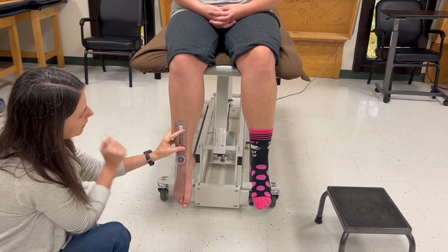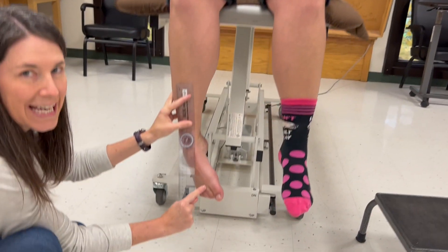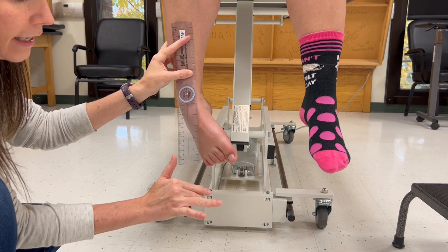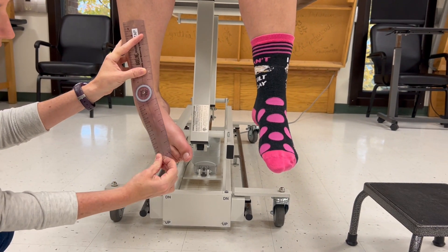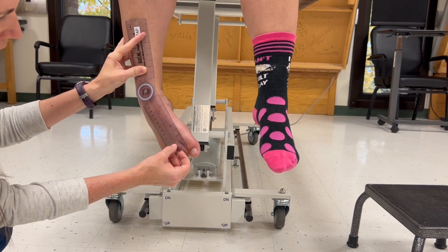I'm going to say to the patient: bring your toes in toward your other foot. The moving arm goes to the second MTP joint. In the hand it's the third knuckle — the third MCP — but in the toe it's the second MTP. I'm bringing the moving arm right to that MTP joint; it doesn't matter where the toe is going.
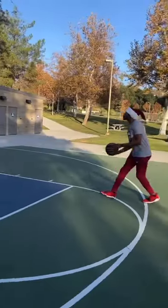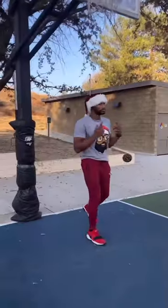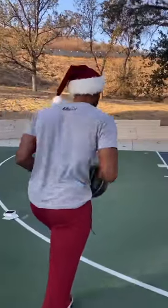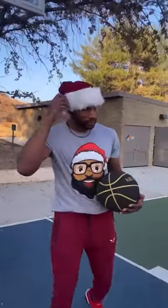I'm gonna do a few dunks in these, let me know what you think. It didn't even fall out of my ears! Alright, I'm really gonna put you to the test — I'm going to do a 360 dunk and see if they fall out. They're still there. Dang, it works!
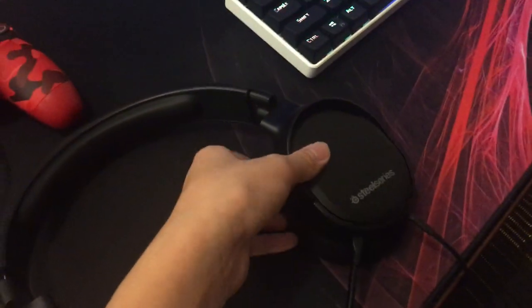Here's my headset. I got some questions about this. This is the SteelSeries Arctis 1. It's 65 Canadian dollars — it's like $40 US — and it's really good.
------------------------------
[Exercise prompt] The listing should be transcribed in full, exactly, and without its pictures.

[Expected answer]
I'm going to say to the patient: bring your toes in toward your other foot. The moving arm goes to the second MTP joint. In the hand it's the third knuckle — the third MCP — but in the toe it's the second MTP. I'm bringing the moving arm right to that MTP joint; it doesn't matter where the toe is going.
I'm gonna do a few dunks in these, let me know what you think. It didn't even fall out of my ears! Alright, I'm really gonna put you to the test — I'm going to do a 360 dunk and see if they fall out. They're still there. Dang, it works!
Here's my headset. I got some questions about this. This is the SteelSeries Arctis 1. It's 65 Canadian dollars — it's like $40 US — and it's really good.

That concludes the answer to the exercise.